What the Treasury found
The programme, called Targeted and Responsible Savings or TARS, was launched in mid-2025. Its work on the South African Social Security Agency has involved large-scale data checks: six million bank accounts analysed and eight million credit bureau checks completed. That process has flagged 291,581 beneficiaries for review.
From those reviews, TARS has led to adjustments on 8,599 Disability and Old-Age grants, and 34,661 grants cancelled. The cancellations generated R36.4 million in savings for the taxpayer. Separately, Treasury says it has identified and stopped R200 million in fraudulent or incorrect payments since last year.
SASSA’s scale and long-running problems
The South African Social Security Agency administers R292.8 billion in social grants annually, supporting what the source describes as tens of millions of the country’s neediest people, including pensioners and parents of young children.
The system has faced persistent fraud and security issues. The article recalls a 2024 incident in which two university students demonstrated that SASSA’s R370 SRD portal contained security gaps that allowed criminals to apply for and receive grants using the ID numbers of legitimate citizens, locking real people out while fraudsters collected in their name.
Political fallout and wider Treasury targets
SASSA maladministration was a factor in the dismissal of Social Development Minister Sisisi Tolashe in May 2026. The source says Sindisiwe Chikunga has been appointed acting minister pending a permanent replacement.

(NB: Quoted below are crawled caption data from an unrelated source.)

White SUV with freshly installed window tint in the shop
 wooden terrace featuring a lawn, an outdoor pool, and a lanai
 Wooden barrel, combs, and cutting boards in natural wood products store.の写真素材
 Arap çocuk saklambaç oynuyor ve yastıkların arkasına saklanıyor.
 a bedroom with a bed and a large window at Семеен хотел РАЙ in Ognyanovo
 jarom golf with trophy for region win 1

Finance Minister Enoch Godongwana has set a broader target of R6.7 billion in savings to be identified across underperforming government programmes. So far, TARS has been applied to SASSA and the public transport network.
What comes next
The Treasury’s data-led approach has produced measurable recoveries and cancellations, but in the context of a R292.8 billion grants system the figures recovered so far remain a small fraction of total spending. The flagged cases will require further review to determine final outcomes for individual beneficiaries and any additional savings.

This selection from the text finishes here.